:: Given data ::
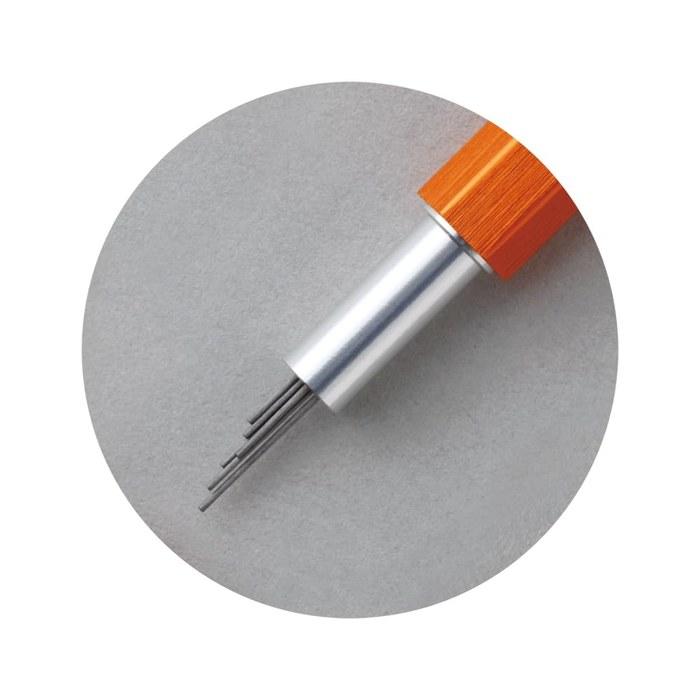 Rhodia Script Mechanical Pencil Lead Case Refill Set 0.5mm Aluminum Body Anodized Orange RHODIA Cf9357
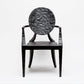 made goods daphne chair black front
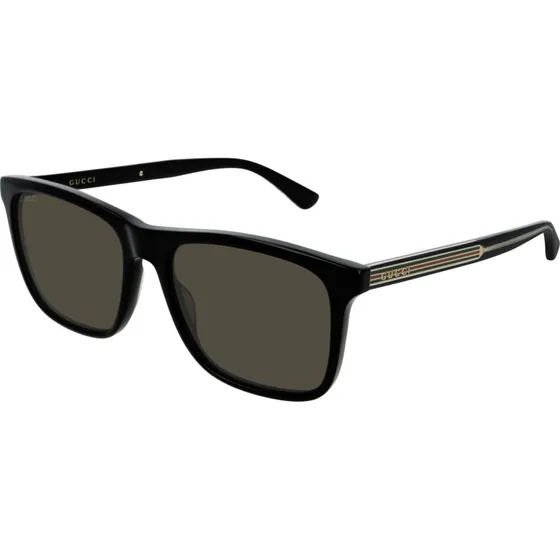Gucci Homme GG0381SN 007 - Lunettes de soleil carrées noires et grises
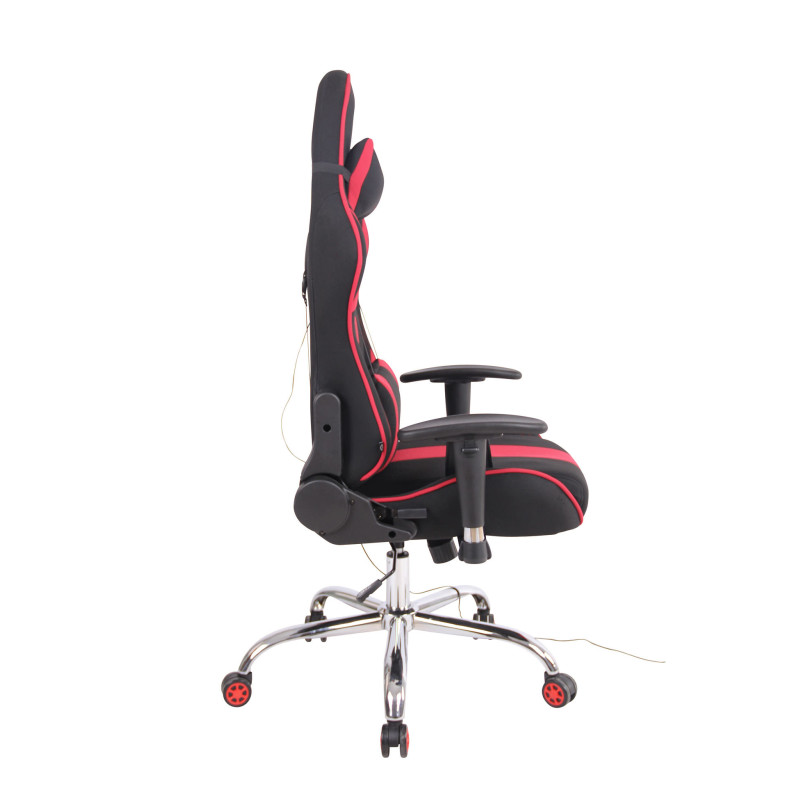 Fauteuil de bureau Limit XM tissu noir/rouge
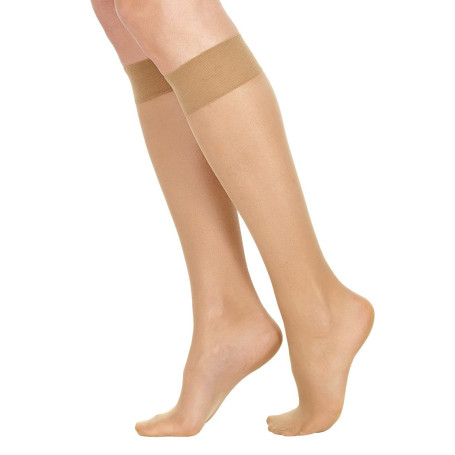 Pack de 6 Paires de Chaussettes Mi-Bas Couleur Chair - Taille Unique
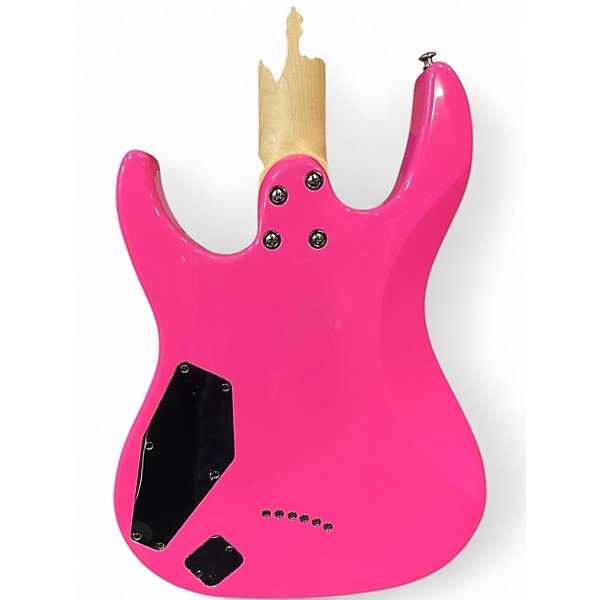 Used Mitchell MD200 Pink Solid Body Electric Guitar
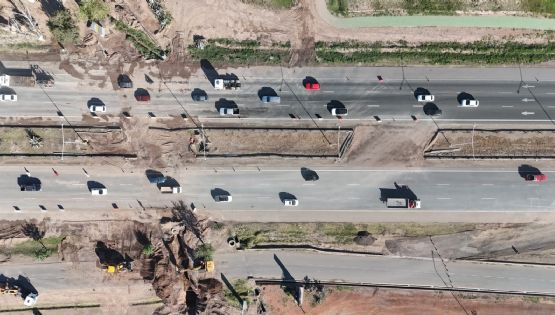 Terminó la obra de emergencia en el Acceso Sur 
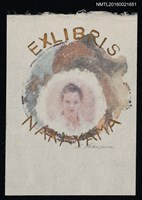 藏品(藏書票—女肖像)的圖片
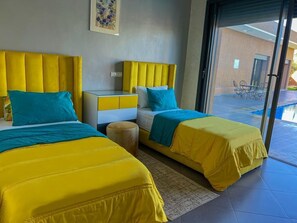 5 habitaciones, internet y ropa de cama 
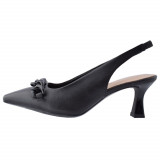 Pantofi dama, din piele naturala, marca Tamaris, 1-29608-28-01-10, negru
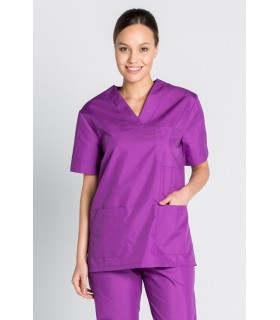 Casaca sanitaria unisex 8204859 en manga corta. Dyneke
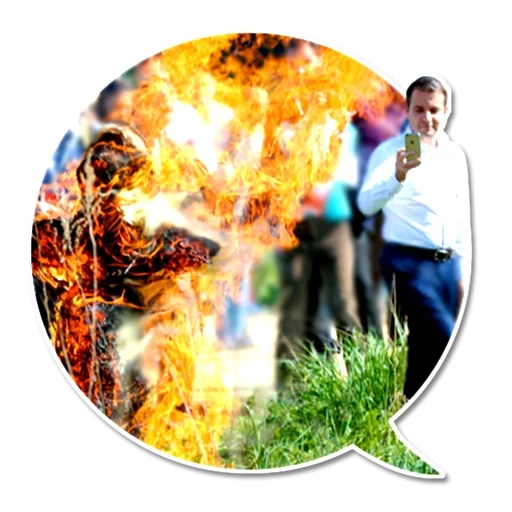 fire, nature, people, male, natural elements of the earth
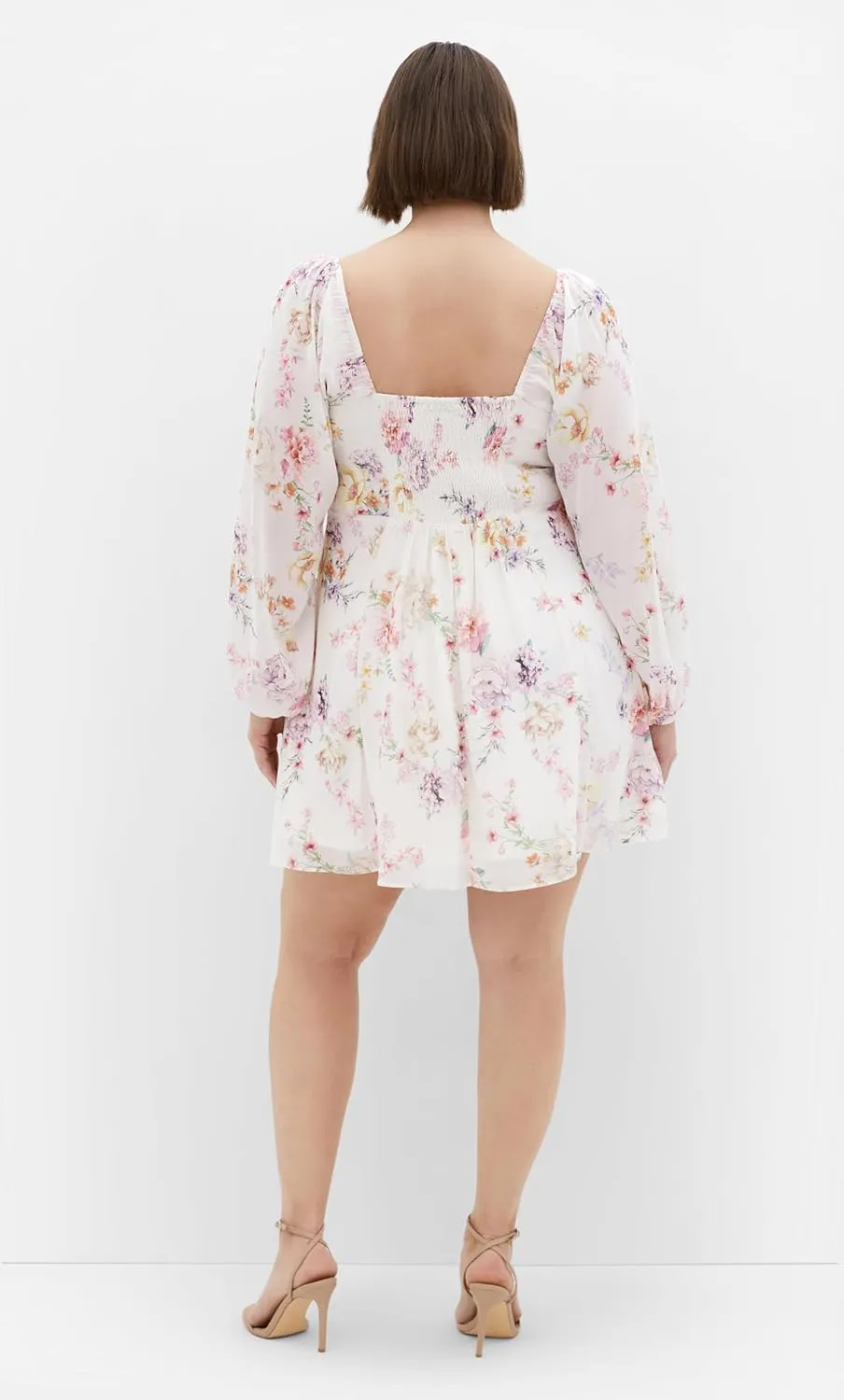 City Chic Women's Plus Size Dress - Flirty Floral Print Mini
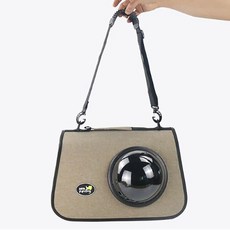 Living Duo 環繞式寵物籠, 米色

* * *

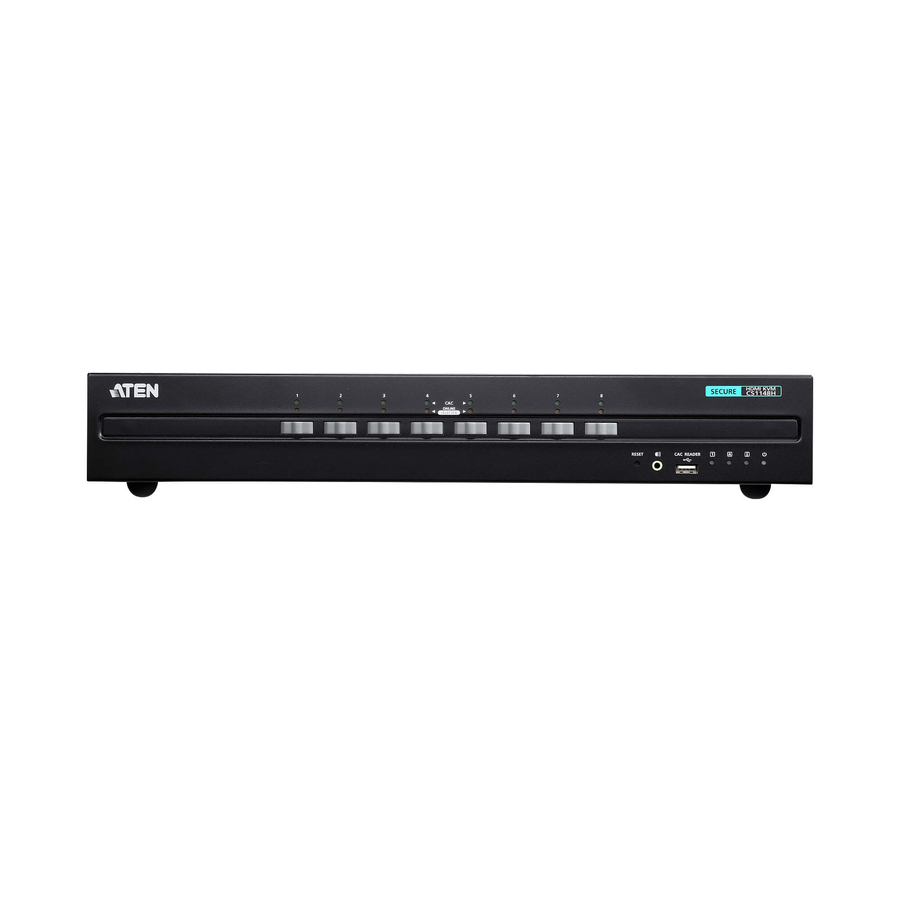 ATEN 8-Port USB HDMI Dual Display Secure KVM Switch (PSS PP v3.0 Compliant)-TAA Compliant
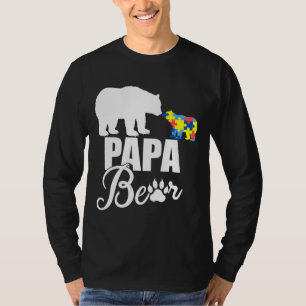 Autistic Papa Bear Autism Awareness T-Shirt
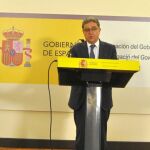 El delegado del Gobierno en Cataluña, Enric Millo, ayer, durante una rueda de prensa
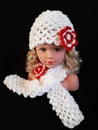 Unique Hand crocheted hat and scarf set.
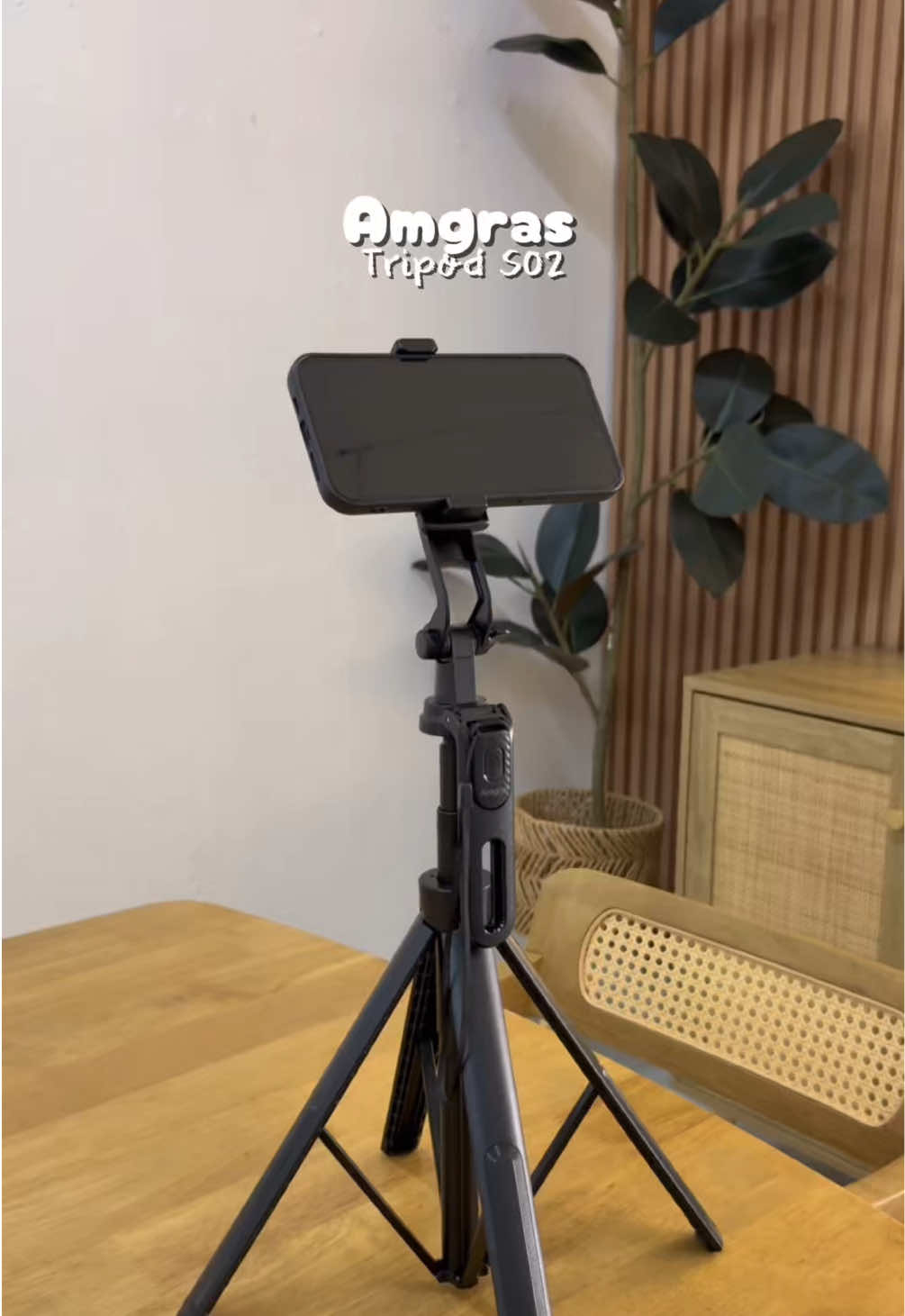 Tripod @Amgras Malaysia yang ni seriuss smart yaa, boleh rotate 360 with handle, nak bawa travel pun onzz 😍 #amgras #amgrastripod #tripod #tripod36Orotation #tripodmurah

:: What is expected ::
Above are some records. Output exactly the lines from the one that contains "City Chic Women's" to the one that contains "Living Duo 環繞式寵物籠, 米色", keeping both, and omit the pictures.

:: Response ::
 City Chic Women's Plus Size Dress - Flirty Floral Print Mini
 Living Duo 環繞式寵物籠, 米色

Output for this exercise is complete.